Today I bought myself some food from the cafeteria for the first time.  The cafeteria really isn't the typical image of school lunch we have in the United States.  They have actual food.  Not some weird-looking and sometimes yucky meal, but food that you'd see in other places too, such as brötchen with ham and cheese on it.  Another difference is that in America, you stood in line and got a tray with the meal on it that included everything together.  Here, you aren't forced to put anything on your tray because there aren't trays.  The cafeteria is like an actual store, in a way.  I bought a chocolate croissant that was fresh out of the oven (I literally saw it being pulled from the oven) and warm and delicious.  Why can't school in Utah offer school lunches like this? ;)

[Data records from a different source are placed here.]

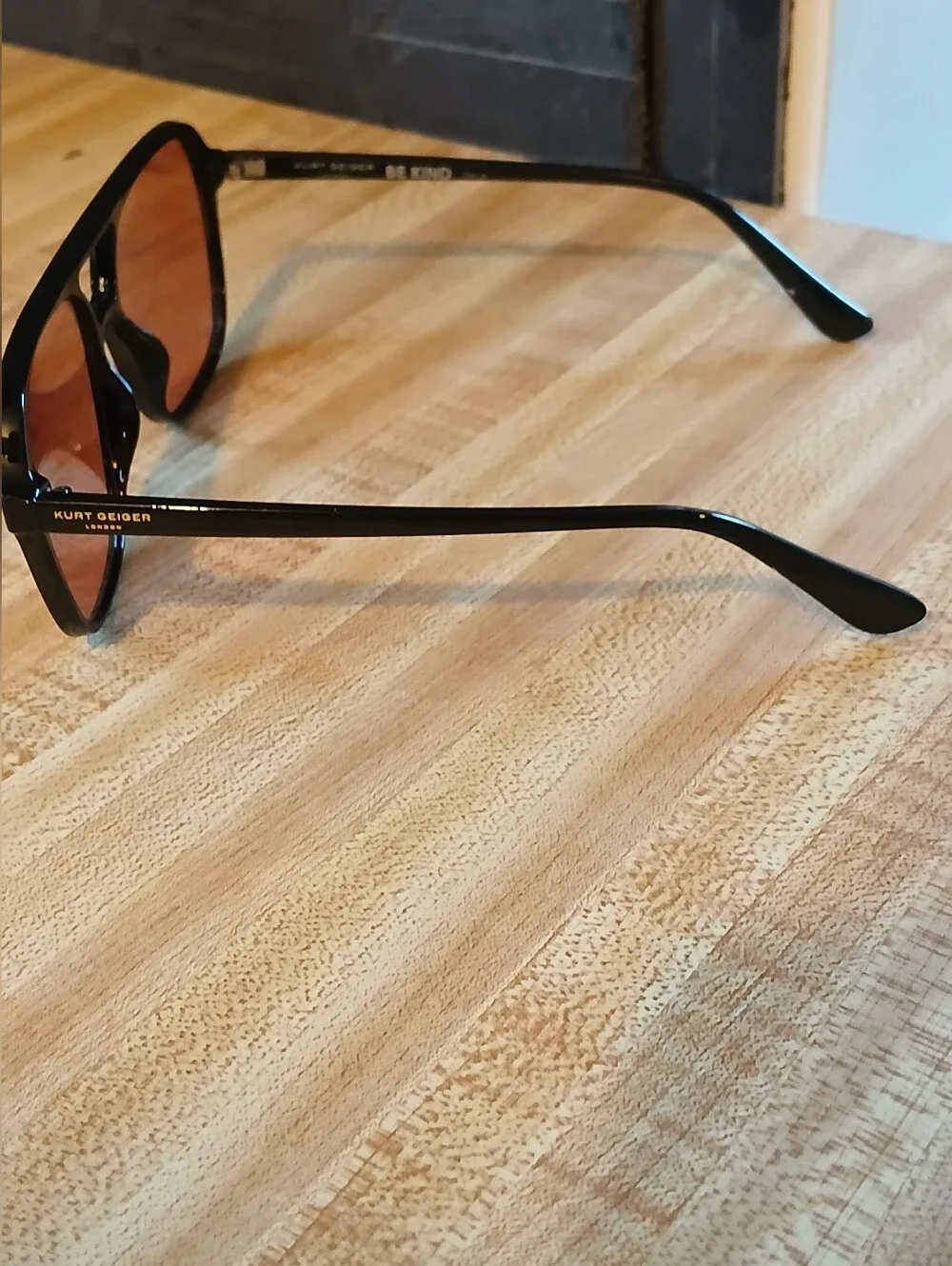 Kurt Geiger Black Frame Sunglasses with Pink Lenses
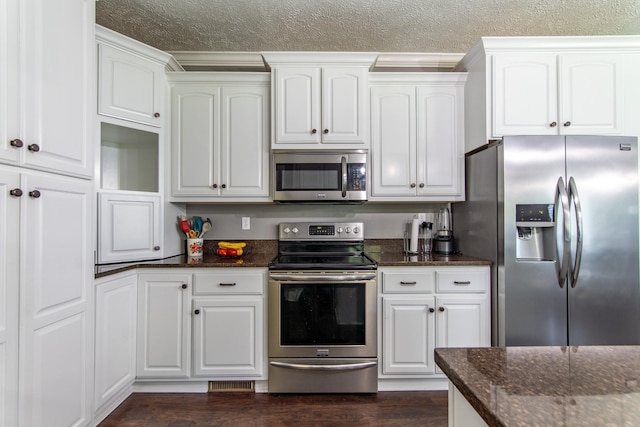 kitchen featuring dark stone counters, appliances with stainless steel finishes, a textured ceiling, and white cabinetry
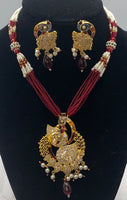 Short gold plated peacock pendant set with moti and bead work with matching earrings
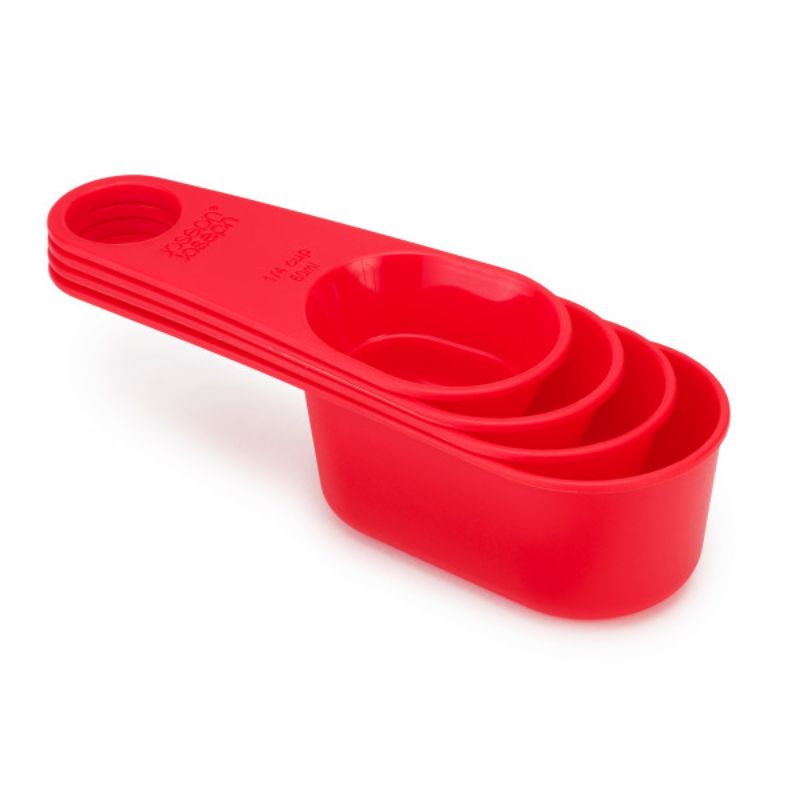 Red Joseph Joseph Duo 4Pc Measuring Cup Set featuring nesting cups and clip-together handles for stylish, space-saving storage.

Math was the last class of the day.  Everyone hates math because, according to them (I haven't had enough experience yet) the teacher is horrible and can't explain anything.  This was evident when tests were passed back, and almost everyone bombed it.  I don't know if I've explained this before, but the grading system here is from one to six.  Six (and also a five) are considered Fs in America's grading system, and a one would be an A.  Here are some conversations I heard around me as the tests were passed back:

"Dude, I didn't get one question right!"
"OMG, I got a six too!"
"Dude, me too!  What'd you get"
"Haha, a five."
"I got a two!"
"You got a TWO?!  Holy crap!"
"Woah!  I can't believe I got a four!  This is awesome!"

Yeah, I think there's a problem with the teaching...  For the rest of the class we went over homework and got a new homework assignment.  Nothing exciting.  I've already learned what they're doing, but they still do it a little differently, and I don't know all the math vocab in German yet.  Plus, I obviously still make mistakes with the math portion  of it.

It seems that every morning starts out craptacular, but it at least stops raining by the end of the school day.  It's still pretty chilly, though.

German word of the day: Gedicht.  Pronounced Guh-DICHT.  The 'ch' is pronounced in the back of your throat, kind of like a gargle.  The word means 'poem'

The Sunflower Project: No miraculous changes, but here they are:




I'm starting to get kind of stressed out about what I'm missing at home.  I feel like I'm getting behind in math, which is super important, and I also am working out less, which is supposed to be going in the 'more' direction right now, not less.  Sigh.  I feel like I'm living a life in Germany and a life in America and have to take care of both.